In addition a decision to remove visa requirements for Indian tourists coming into Sri Lanka has resulted in many middle class Indians choosing Sri Lanka for their vacations. As a result tourists from India, earlier not considered to be worthwhile, have become one of Sri Lanka's most important market segments. The fact that India was one of the first nations to provide development assistance to aid our reconstruction effort is a concrete manifestation of this new phase in the Indo Lanka relationship.

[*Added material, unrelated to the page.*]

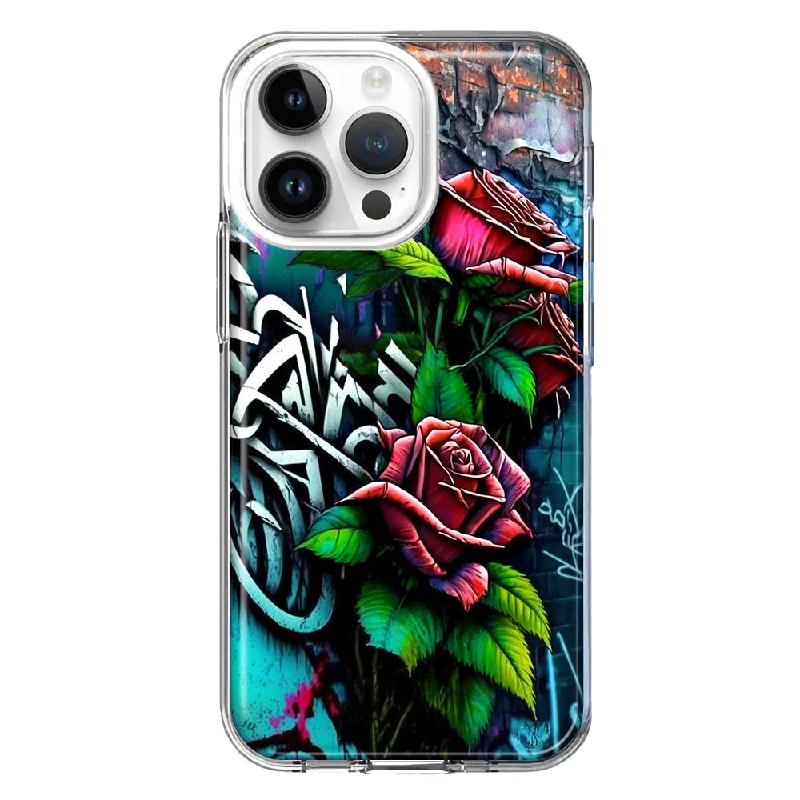 For Apple iPhone 15 Pro Red Roses Graffiti Painting Art Design Hybrid Protective Phone Case Cover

Turning now to the conflict in Sri Lanka, for some years we had recognised that a new approach was needed. Just over a year ago we had the opportunity to do something different and entered into what could be long and protracted peace negotiations with the LTTE. After twenty years of war neither side could win through military means. This conflict could not have winners and losers. To succeed we had to have a win win outcome. We had to find another solution and opted for the negotiated approach. We were fortunate to have the support and attention of the International community for the first time. Before that ours was the forgotten war.
We entered the negotiations, as Kim Dae Jung, former President of the Republic of Korea said when he made his historic visit to North Korea with "a warm heart and a cool head". When I mentioned this to a foreign colleague of mine, he said: "add a deep breath to that as well."
Recent events in northern and eastern Sri Lanka have shown how important the deep breath will be.
Of course the warm heart refers to a genuine desire for peace. But that desire must also be tinged with the realism that we are nation building once more. Our task is to unite our multiethnic, multicultural and multi-religious country into one equal, fair and tolerant society. One within which each community has the freedom and flexibility to maintain their identity and realise their aspirations free of oppression and discrimination. If we do that then war will be a thing of the past.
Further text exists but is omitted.